Archaeological sites (1)

Excavations

Swedish Institute at Athens

ASSINI (Ancient city) ARGOLIS
Asine in the Argolid
  In the ship's catalogue in the Iliad, Homer informs us who sent ships to the Trojan War. In connection with the Argolid he notes that Asine, situated at the head of the bay, sent six ships. This Asine has been identified with modern day Kastraki near the village of Tolo. The Swedish Crown Prince Gustaf Adolf came here in 1920 on a private tour of Greece. One of the reasons for his choice of country was his interest in archaeology. He had already participated in archaeological excavations in Sweden and believed that Sweden should join in investigating ancient Greece. He was the initiator of the Asine excavations, Sweden's first excavation on a large scale in the country.
  For nearly two decades, until the outbreak of the Second World War, Swedish archaeologists worked extensively in the Argolid and always under the direction of Axel W. Persson. He was Swedish archaeology in Greece. As he was not a field archaeologist but a philologist the Asine Committee appointed Otto Frodin, an experienced field archaeologist to direct the fieldwork together with Persson. When the publication appeared in 1938 (Results of the Swedish excavation at Asine 1922 - 1930) in Stockholm it reflected the main interest of the two directors as well as the focus of archaeological research at the time: prehistory. Extensive investigations were carried out on the acropolis and in the so-called Lower Town or the northern slopes of the rock.

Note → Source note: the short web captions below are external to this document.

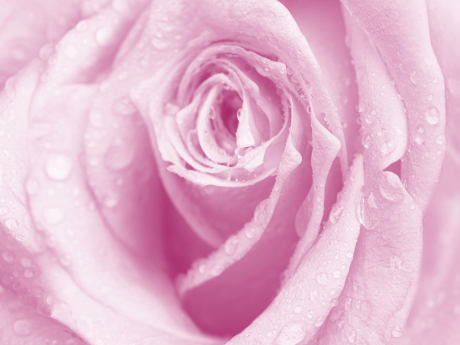 close up of rose head with water droplets 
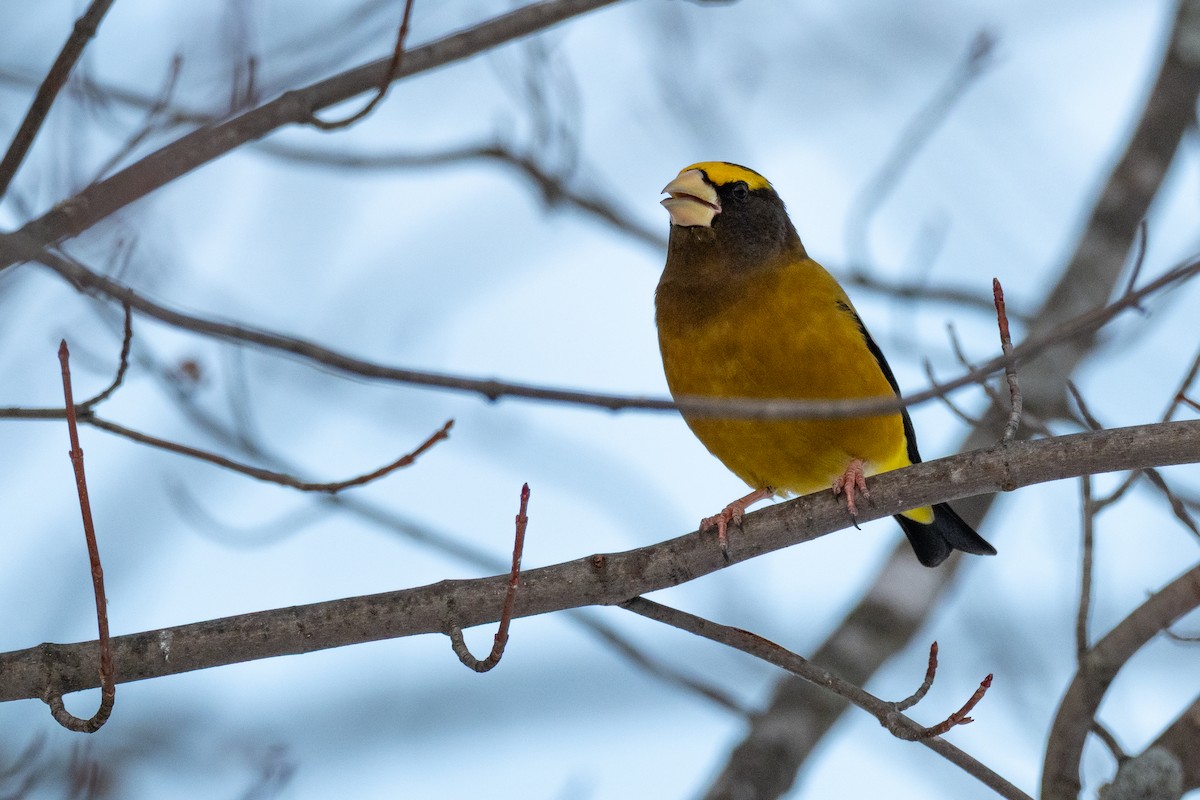 Evening Grosbeak - ML642733773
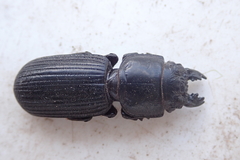 Passalidius fortipes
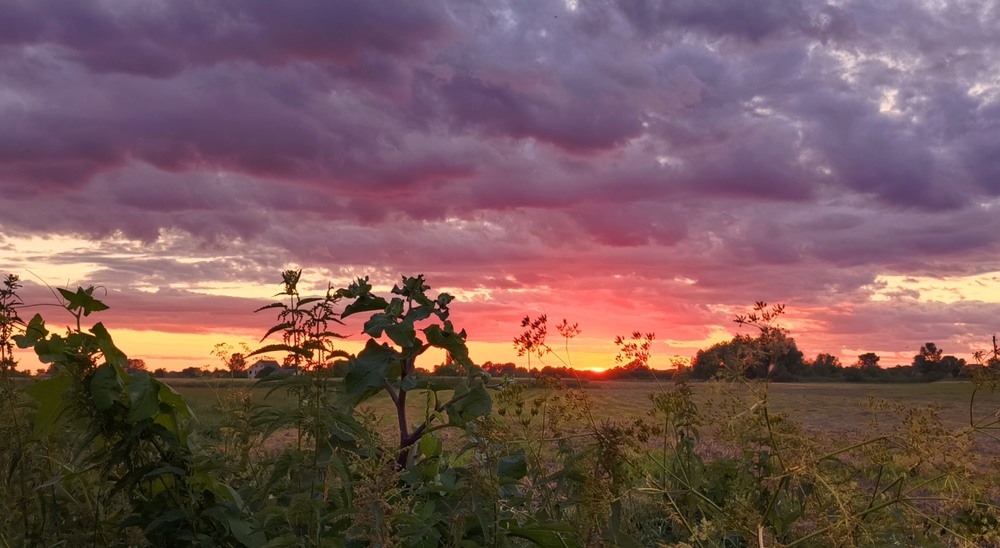 Фотографія На заході сонця / Anatoliy Storchak / photographers.ua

  Further, on the Barbouna Hill two cemeteries were partly investigated: a Late Bronze Age one (c. 1600 -1100 BC) on the eastern slopes and a Late Geometric one (8th century BC) on the south slopes.
  Methodologically the excavations were very advanced. Much of the soil was sieved in order not to miss small objects and all material was considered important enough to keep. A large sherd collection is now kept in the Asine Collection at the University of Uppsala as a result of an exchange of materials done in the 1930's between the Swedish Asine Committee and the Greek government. From several Swedish museums prehistoric flint tools and weapons were given to Greece.

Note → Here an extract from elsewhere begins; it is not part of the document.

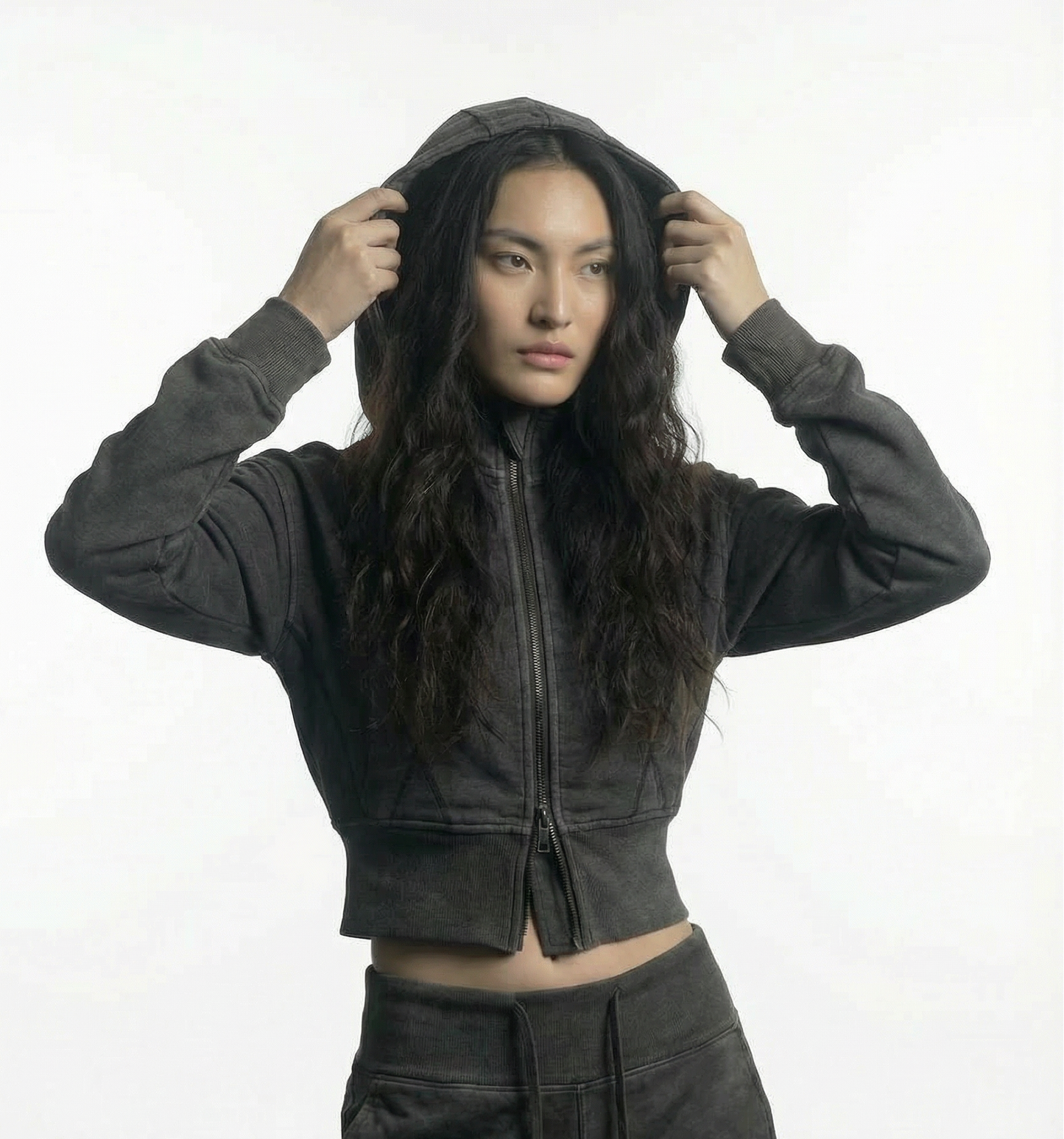 Smoked Crop Hoodie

  In 1970 investigations at Asine were resumed by the Swedish Institute at Athens under the direction of Carl-Gustaf Styrenius, its director at the time. The brothers Karmaniola who owned land east of the acropolis wished to build a camping-place and test trenches by the local archaeological authorities indicated extensive ancient remains. A year later Robin Hagg joined the project and the southern slopes of the Barbouna Hill were included in the investigations. The Karmaniola area was excavated from 1970 - 1974 and is today mostly published (in the Acta of the institute); Hagg did his last field season in 1989. The results of the work on Barbouna are partly published in a periodical of Uppsala University: Boreas.

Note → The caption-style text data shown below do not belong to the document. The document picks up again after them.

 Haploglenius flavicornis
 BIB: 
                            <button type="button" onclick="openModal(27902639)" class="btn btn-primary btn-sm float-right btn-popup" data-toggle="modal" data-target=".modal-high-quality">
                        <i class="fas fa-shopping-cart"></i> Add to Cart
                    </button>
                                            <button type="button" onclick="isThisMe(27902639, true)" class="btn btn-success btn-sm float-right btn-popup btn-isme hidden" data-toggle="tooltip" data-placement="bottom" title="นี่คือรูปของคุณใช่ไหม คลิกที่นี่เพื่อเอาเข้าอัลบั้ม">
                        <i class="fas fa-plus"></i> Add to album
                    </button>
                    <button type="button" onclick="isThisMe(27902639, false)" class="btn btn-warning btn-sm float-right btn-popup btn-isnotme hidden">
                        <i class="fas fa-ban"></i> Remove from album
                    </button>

  In 1985 Berit Wells investigated the Late Geometric walls on the northern slopes of the Barbouna Hill ('Early Greek building sacrifices' in Early Greek cult practice, eds. R. Hagg, N. Marinatos and G.C. Nordquist, Stockholm 1988) and in 1990 the previously unexcavated corner north of the Hellenistic bastion (A. Penttinen, 'Excavations on the acropolis of Asine in 1990', Opuscula Atheniensia, 1966). At present no fieldwork is being carried out at Asine.
  At all times Asine was a site of strategic importance. This is today reflected in the Hellenistic fortifications built by the Macedonians (probably by Demetrios Poliorketes) c. 300 BC and in the trenches and guard towers built by the Italian army during the occupation of Greece in the Second World War.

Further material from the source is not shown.